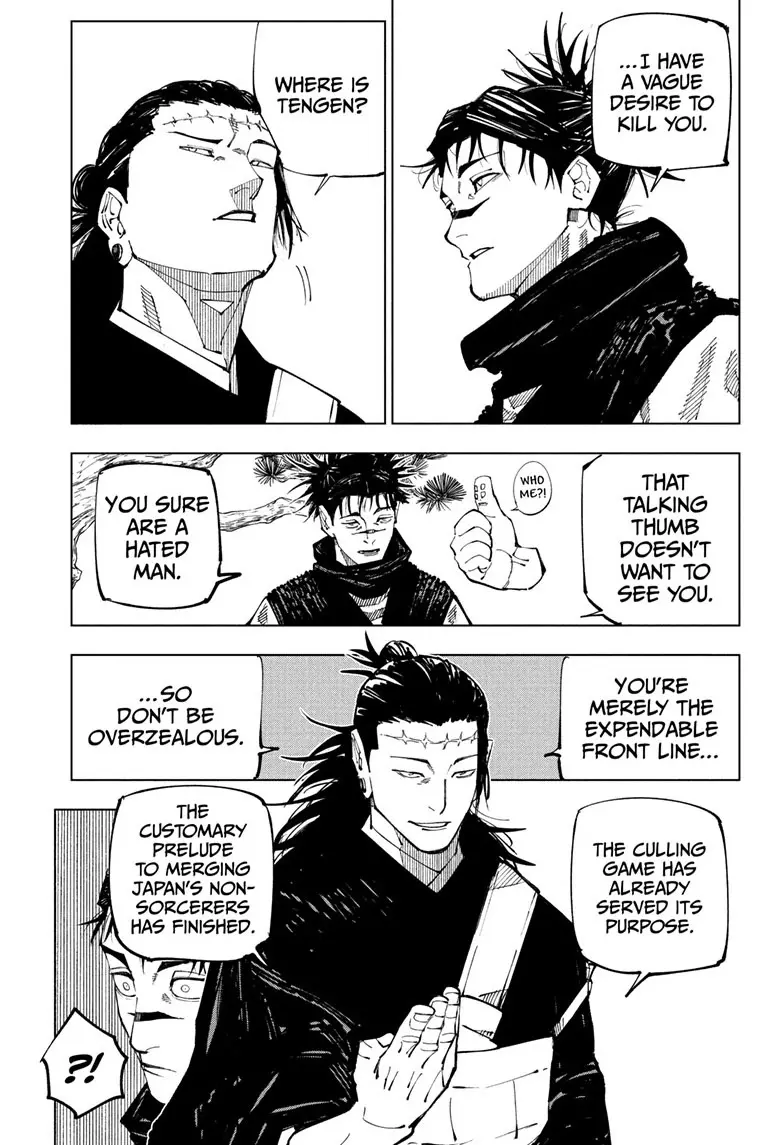 Jujutsu Kaisen (JJK) Manga Online, chapter 202, page 10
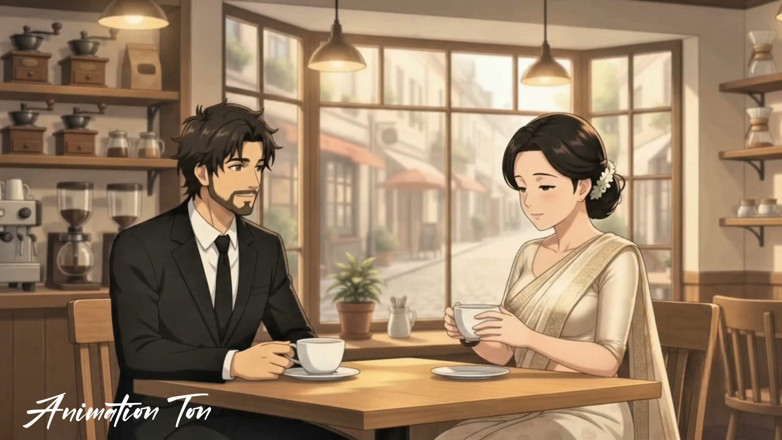 AnimationTon: Episódio 5: Homem compartilha sua esposa com o chefe Kiya
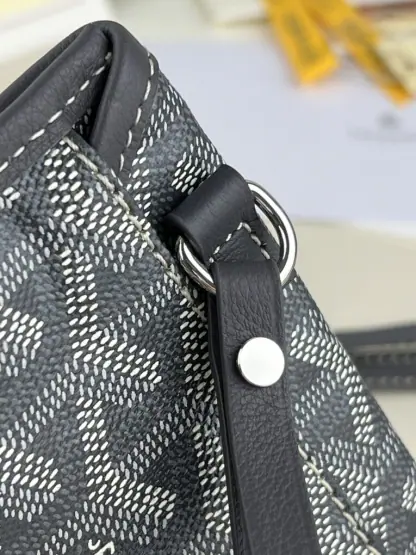 Replica Goyard Anjou Mini Bag Grey Tote #3377 - Image 2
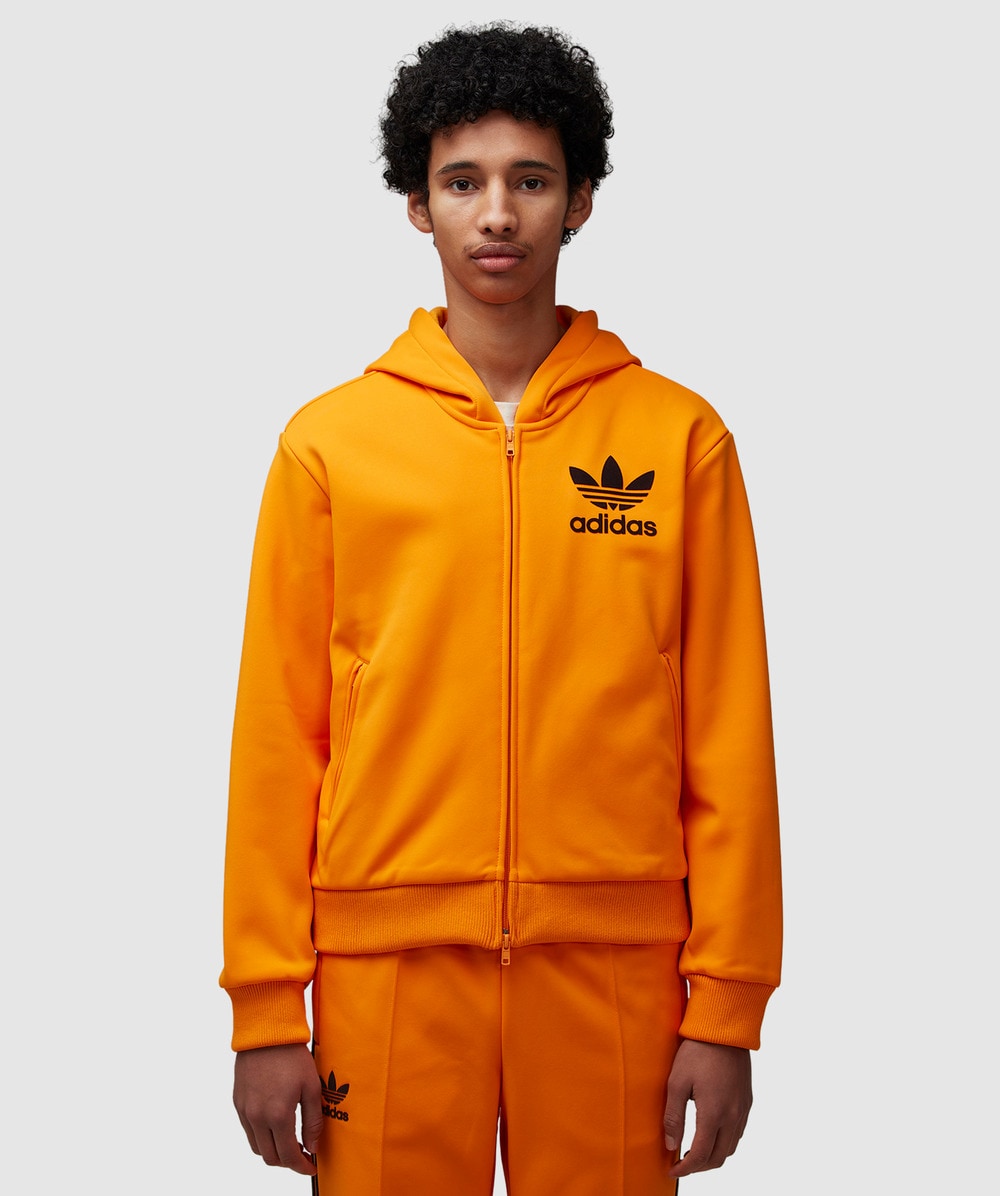 Orange hoodie adidas online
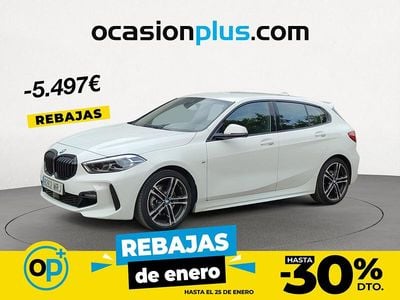 Blanco Usado 2024 BMW 118 Utilitario | 25.990 € (Precio justo)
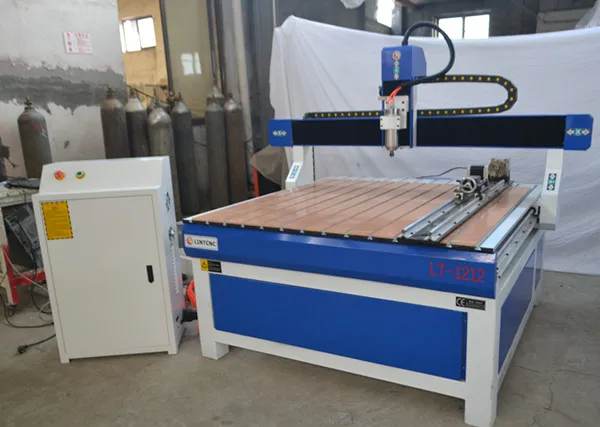 Jinan CNC Router Cutting Engraving Machine 6090 9012 1212 1224 1325 Wood CNC Machine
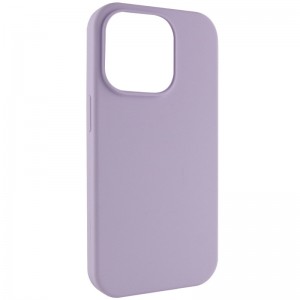 Чохол Silk (AA) NO LOGO with Magnetic Fit для Apple iPhone 16 (6.1") Бузковий / Lilac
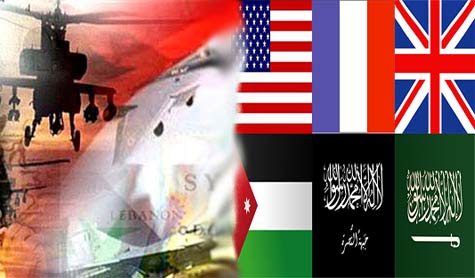 لقاء سرّي أميركي أوروبي وأردني مع سلمان والجولاني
——————————
EXERCISE REQUIREMENTS:
Take the material above and set it down exactly, minus the images.

FINISHED TASK:
 Jujutsu Kaisen (JJK) Manga Online, chapter 202, page 10
 AnimationTon: Episódio 5: Homem compartilha sua esposa com o chefe Kiya
 Replica Goyard Anjou Mini Bag Grey Tote #3377 - Image 2
 Orange hoodie adidas online
 Blanco Usado 2024 BMW 118 Utilitario | 25.990 € (Precio justo)
 Jinan CNC Router Cutting Engraving Machine 6090 9012 1212 1224 1325 Wood CNC Machine
 Чохол Silk (AA) NO LOGO with Magnetic Fit для Apple iPhone 16 (6.1") Бузковий / Lilac
 لقاء سرّي أميركي أوروبي وأردني مع سلمان والجولاني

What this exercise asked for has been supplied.